Being written in Rust and therefore blazingly fast, it advertises an ability to fetch and install dependencies much faster than its competitor. Personally, anything that takes longer than 10 seconds falls under coffee break in my schedule, so I am not so susceptible to this argument.

Python version management

I personally love poetry and wouldn't make the switch just for slightly faster install times. However, poetry does not have a built-in way to manage different Python versions.

For this we can use pyenv, but I didn't much care for it because of the redundant .python-version file. I often struggled having to manually synchronize the two and interact with pyenv to get the versions right.

With uv, Python version switching just works. Many commands have a --python flag to specify versions, and the uv python command has a whole set of subcommands dedicated to managing Python versions.

There's built-in supportcpython, obviously, but for pypy as well. Fuzzy search is provided, so uv python install pypy gives me the latest pypy version for my architecture.

In pyproject.toml, there's a dedicated requires-python setting which can let you specify minimum, maximum and exact python versions. More complex version boundaries, such as '>=3.8,<3.10', are also possible. But what's different is that the rest of the uv commands will actually be proactive in providing that specific Python version, as opposed to poetry, which only prohibits you from proceeding until you figure out yourself how to get the right version yourself.

This functionality the main reason for me to make the switch, because it's extremely convenient to not have to struggle with Python versions anymore. The fact that it consolidates two tools into one, means it makes pyenv redundant.

You can also use uv python pin to create a .python-version file, and use uv as a pyenv replacement for poetry projects (if you really wanted to for some reason).

Python CLI tools

For tools in Python that you don't want to tie to a specific virtual environment, the uv tool set of commands exists.
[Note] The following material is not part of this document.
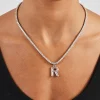 Mini Polished Balloon Letter Pendant & 3mm Tennis Chain - White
This is a pipx replacement, essentially, and uv has the alias uvx just to drive this point home.

The main commands work as expected. That is, similar to pipx, which in turn work similar to pip (uv also has uv pip, which is its pip replacement). list, install and upgrade and uninstall are all present, as expected. Unfortunately, pipx inject is not (this is a command that lets you add additional packages into the virtual environments pipx erects around a tool, which can be useful if you want more control over the dependencies of a Python tool).

For unix systems, uv will put symbolic links in your .local/bin directory that direct to the tools it installs, so that these tools are available directly from the shell. However, you can also use uvx {toolname} if you prefer to call it this way, or in case of path conflicts.

A point of interest to note is that uvx {toolname} will automatically fetch tools that it cannot find locally. E.g. uvx ruff would fetch ruff from its own cache or download it, and run it as a one-off command. This will not add it to your list of tools (uv tool list). Personally I'm not a fan of commands doing multiple things in this way, but it is clever how uv leverages its own cache to quickly provide tools on-the-fly.

Conclusion

This was meant to be a recommendation and update blog rather than a full feature review.

Not mentioned here is that uv replaces many other Python tools, such as pip or the virtualenv package, which in turn already have replacements that fully or partially overlap with the functionality of the tools I mentioned in this blog. Taking this into account, it could be argued that uv is yet another incarnation of the competing standards problem that causes tools to propagate infinitely.

However, I've been sold on uv pretty much the day I started using it. I admit I was an easy sell, because the poetry/pyenv interop had been annoying me for a while, but I am still very impressed with the ease-of-use of uv once I figured out the commands essential to my workflow.

Furthermore, astral has already shown it is capable of providing useful but not bloated replacement tools with ruff, which is also a must-have in all Python projects for me and many others. Considering this, and the relative feature completeness of uv, it seems like a sure bet to learn and use for your Python projects.